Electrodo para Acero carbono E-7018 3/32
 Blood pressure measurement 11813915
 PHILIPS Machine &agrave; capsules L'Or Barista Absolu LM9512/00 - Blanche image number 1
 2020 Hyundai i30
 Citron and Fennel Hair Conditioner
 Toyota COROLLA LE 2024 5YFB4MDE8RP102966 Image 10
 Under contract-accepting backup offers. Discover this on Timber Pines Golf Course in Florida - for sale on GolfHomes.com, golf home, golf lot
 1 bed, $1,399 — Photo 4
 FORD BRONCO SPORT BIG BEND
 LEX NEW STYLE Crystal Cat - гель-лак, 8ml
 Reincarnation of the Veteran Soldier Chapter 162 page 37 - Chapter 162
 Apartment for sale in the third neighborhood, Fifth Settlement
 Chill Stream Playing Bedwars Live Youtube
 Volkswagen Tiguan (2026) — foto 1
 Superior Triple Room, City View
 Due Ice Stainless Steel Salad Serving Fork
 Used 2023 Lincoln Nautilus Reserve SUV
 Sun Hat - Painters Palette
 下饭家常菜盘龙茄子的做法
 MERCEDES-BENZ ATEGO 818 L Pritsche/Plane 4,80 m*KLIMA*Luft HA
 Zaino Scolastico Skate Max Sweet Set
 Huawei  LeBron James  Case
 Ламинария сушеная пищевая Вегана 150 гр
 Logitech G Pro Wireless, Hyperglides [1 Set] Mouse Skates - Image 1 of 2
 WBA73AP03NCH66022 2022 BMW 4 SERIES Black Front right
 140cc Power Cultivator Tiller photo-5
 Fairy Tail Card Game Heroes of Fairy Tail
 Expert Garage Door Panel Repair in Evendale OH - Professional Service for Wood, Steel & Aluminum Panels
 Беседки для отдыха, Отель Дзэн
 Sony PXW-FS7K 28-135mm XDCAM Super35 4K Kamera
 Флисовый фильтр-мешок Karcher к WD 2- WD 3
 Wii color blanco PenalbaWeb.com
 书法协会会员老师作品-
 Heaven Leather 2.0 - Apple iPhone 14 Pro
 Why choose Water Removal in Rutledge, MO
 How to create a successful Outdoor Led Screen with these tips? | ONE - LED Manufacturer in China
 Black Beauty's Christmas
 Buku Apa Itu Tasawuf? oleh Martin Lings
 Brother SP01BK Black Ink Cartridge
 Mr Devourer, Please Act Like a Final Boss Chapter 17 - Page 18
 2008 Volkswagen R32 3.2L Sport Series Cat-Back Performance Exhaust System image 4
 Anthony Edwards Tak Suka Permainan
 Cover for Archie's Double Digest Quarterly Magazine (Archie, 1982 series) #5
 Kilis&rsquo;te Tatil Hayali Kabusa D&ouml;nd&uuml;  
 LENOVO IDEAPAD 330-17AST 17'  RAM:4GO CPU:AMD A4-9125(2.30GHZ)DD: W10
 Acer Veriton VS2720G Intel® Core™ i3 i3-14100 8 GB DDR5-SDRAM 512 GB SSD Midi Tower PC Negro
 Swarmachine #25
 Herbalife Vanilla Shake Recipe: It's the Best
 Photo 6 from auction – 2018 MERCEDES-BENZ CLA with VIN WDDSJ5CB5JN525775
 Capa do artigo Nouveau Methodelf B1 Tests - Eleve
········
> _TASK DESCRIPTION_
Within the entries above, some lines may contain "BENZ". Report how many, and nothing else.

> _WRITTEN ANSWER_
2